Le biologiste du Maryland cite aussi l’utilisation d’adoucisseurs d’eau potable et les sels alimentaires que l’on retrouve dans les égouts. « Les systèmes de traitement de l’eau n’enlèvent pas toujours les sels », dit M. Kaushal.
L’étude conclut, après l’analyse de 232 cours d’eau couvrant presque tous les bassins versants des États-Unis, que le pH de 66 % de ces fleuves et rivières a augmenté depuis le début des années 60. L’alcalinisation touche 90 % des bassins versants du pays et la salinisation, 37 %.
Yves Prairie, spécialiste du cycle du carbone des lacs et des rivières à l’UQAM, n’est pas convaincu par le lien que fait M. Kaushal entre salinité et alcalinité. « L’alcalinisation des cours d’eau, c’est nouveau », dit M. Prairie, qui connaît bien les auteurs de l’étude des PNAS.

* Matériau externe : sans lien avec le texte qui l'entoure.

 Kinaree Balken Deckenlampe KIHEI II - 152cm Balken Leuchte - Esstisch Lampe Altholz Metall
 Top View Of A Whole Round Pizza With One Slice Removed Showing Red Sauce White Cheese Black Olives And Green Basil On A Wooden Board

« Mais la démonstration du lien avec la salinisation n’est pas béton, poursuit-il. Il pourrait y avoir d’autres explications. Les produits d’engrais pour l’agriculture, le rétablissement des systèmes après les pluies acides, l’augmentation de productivité des forêts avec les changements climatiques qui entraînera une plus grande respiration dans les sols, ce qui va accroître la minéralisation de la roche et des minéraux et libérer de l’alcalinité. Le problème, c’est que tous ces facteurs augmentent en même temps, donc difficile d’en pointer un du doigt. Vraisemblablement, tous ces facteurs contribuent au phénomène. »

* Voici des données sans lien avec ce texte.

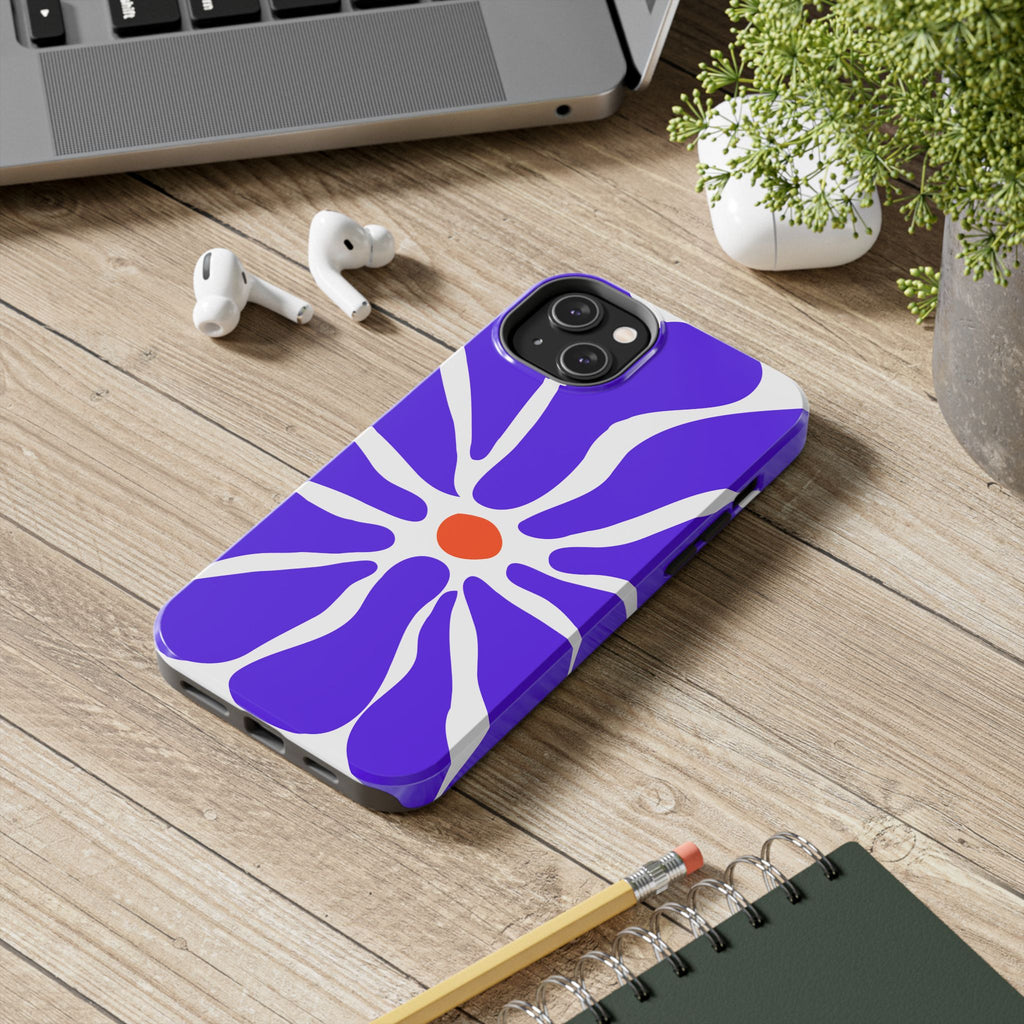 Bold Purple Daisy Tough Phone Case — Protective Floral iPhone Cover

M. Kaushal estime qu’il ne s’agit probablement pas du rétablissement des cours d’eau après la fin des pluies acides, parce que le phénomène a commencé bien avant les lois environnementales qui y ont mis fin.
Le biologiste américain s’est intéressé à l’alcalinisation des cours d’eau à cause d’un problème d’eau potable dans son quartier. « L’eau était noire quand elle sortait du robinet, dit-il. Je me suis rendu compte qu’il s’agissait de contamination au manganèse, ce qui m’a inquiété parce que j’ai un jeune enfant. J’ai obtenu des services municipaux qu’ils nettoient le système avec beaucoup d’eau. » Il veut maintenant se pencher plus spécifiquement sur les effets de l’alcalinisation sur l’eau potable.
Les pluies acides
Les pluies acides sont causées par des polluants dans les panaches industriels, notamment le dioxyde de soufre, qui interagissent avec l’eau des nuages pour créer des acides. Des lois environnementales au Canada, aux États-Unis et en Europe ont pratiquement éliminé les émissions de ces polluants industriels, qui sont captées dans les cheminées des usines.
L’a b c du pH
Le pH d’un liquide est son « potentiel hydrogène ». Il s’agit d’une mesure des « ions hydrogène », H+, l’une des deux composantes de l’eau ionisée avec OH-. Un pH neutre est à 7 sur une échelle de 14. Plus le pH est faible, plus le liquide est acide ; plus il est élevé, plus le liquide est dit alcalin ou basique.
Et au Québec
Les cours d’eau québécois sont probablement aux prises avec le même phénomène de salinisation et d’alcalinisation, selon Yves Prairie, de l’UQAM. Cela dit, la densité de population par rapport au débit des cours d’eau est souvent moins grande qu’aux États-Unis, ce qui pourrait ralentir le phénomène. L’augmentation de la salinité des lacs canadiens a été validée voilà une dizaine d’années, en même temps que celle des lacs du Nord-Est américain, par les études liant le phénomène à la lutte contre les pluies acides, souligne M. Kaushal. « L’une des régions où l’on voit le plus d’alcalinisation des cours d’eau aux États-Unis est le Dakota du Nord, dont les fleuves et les rivières coulent vers le nord, vers le Canada », note-t-il. Une étude canadienne a aussi montré en 1999 que les fondants routiers contaminaient les nappes phréatiques dans la région de Toronto.